From: Christophe Leroy <christophe.leroy@csgroup.eu>
To: "Rafael J. Wysocki" <rafael@kernel.org>,
Len Brown <len.brown@intel.com>, Pavel Machek <pavel@ucw.cz>
Cc: Christophe Leroy <christophe.leroy@csgroup.eu>,
linux-pm@vger.kernel.org, linux-kernel@vger.kernel.org,
Kees Cook <keescook@chromium.org>,
"linux-hardening @ vger . kernel . org"
<linux-hardening@vger.kernel.org>
Subject: [PATCH] PM: hibernate: Don't ignore return from set_memory_ro()
Date: Sun, 18 Feb 2024 09:40:58 +0100 [thread overview]
Message-ID: <be49c794567f3bd00ae16e91b54fe8cfe6cb4999.1708245599.git.christophe.leroy@csgroup.eu> (raw)

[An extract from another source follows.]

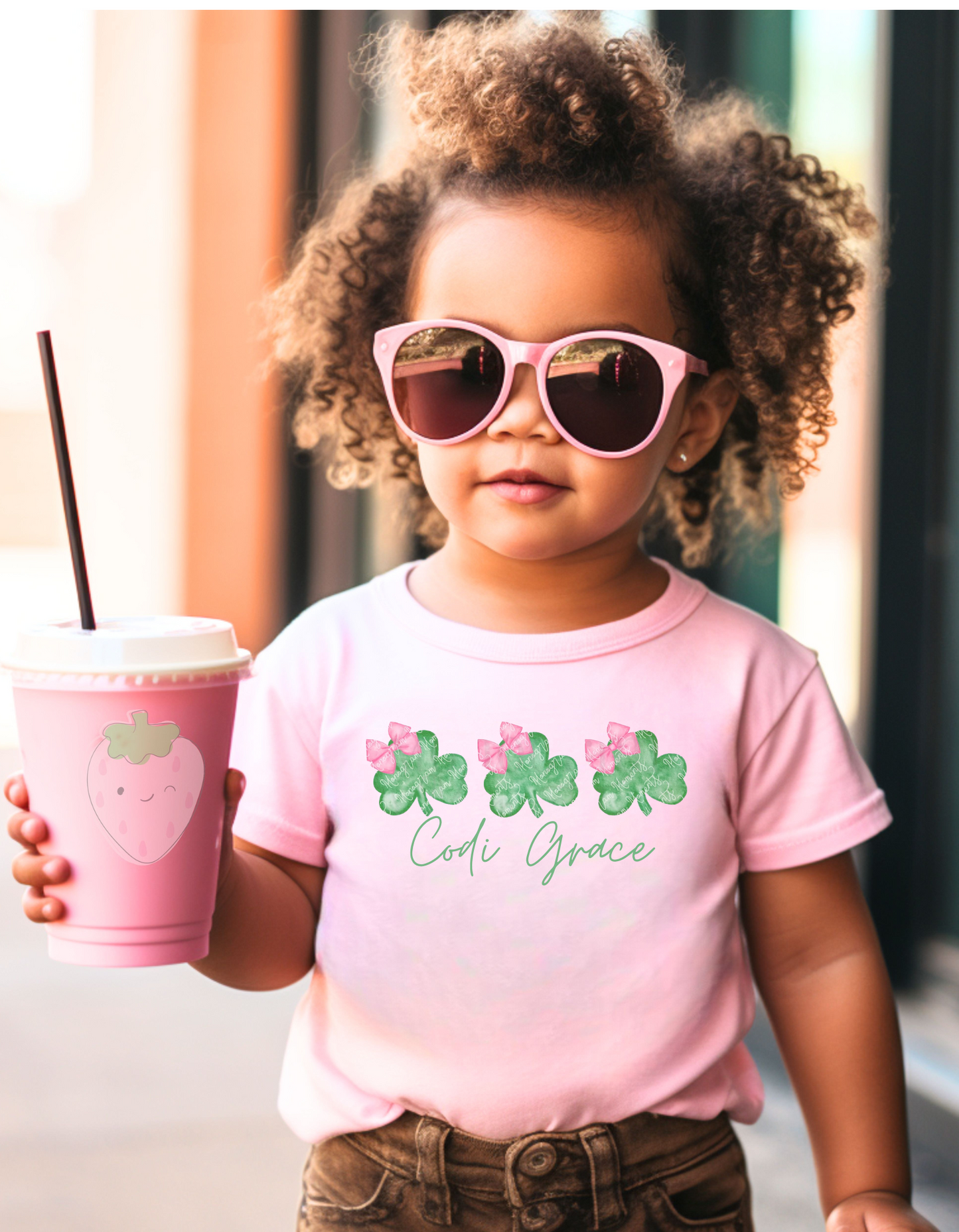 Toddler Girl Clover Personalized Tee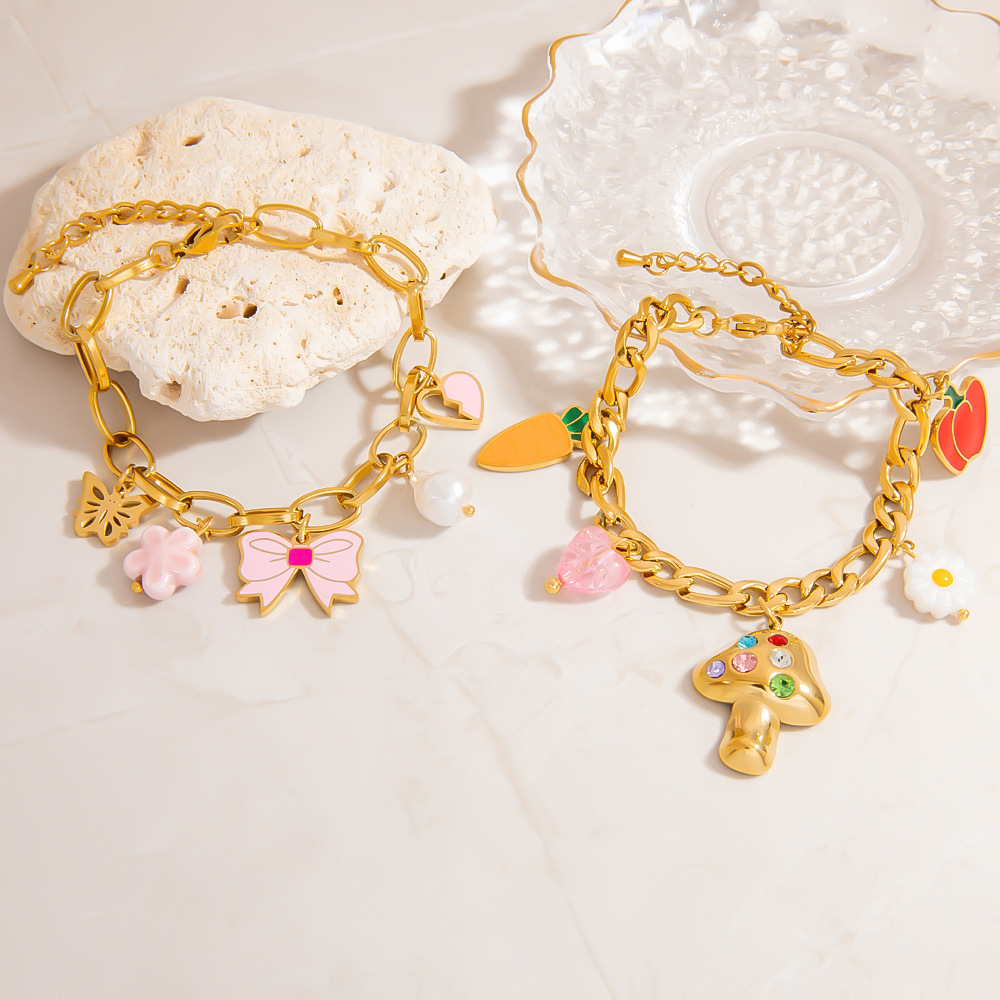 Designable Fruits Stainless Steel Colorful Women's Charm Bracelets Picture3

set_memory_ro() and set_memory_rw() can fail, leaving memory
unprotected.
Take the returned value into account and abort in case of
failure.
Signed-off-by: Christophe Leroy <christophe.leroy@csgroup.eu>
---
kernel/power/power.h | 2 +-
kernel/power/snapshot.c | 25 ++++++++++++++++---------
kernel/power/swap.c | 8 ++++----
kernel/power/user.c | 4 +++-
4 files changed, 24 insertions(+), 15 deletions(-)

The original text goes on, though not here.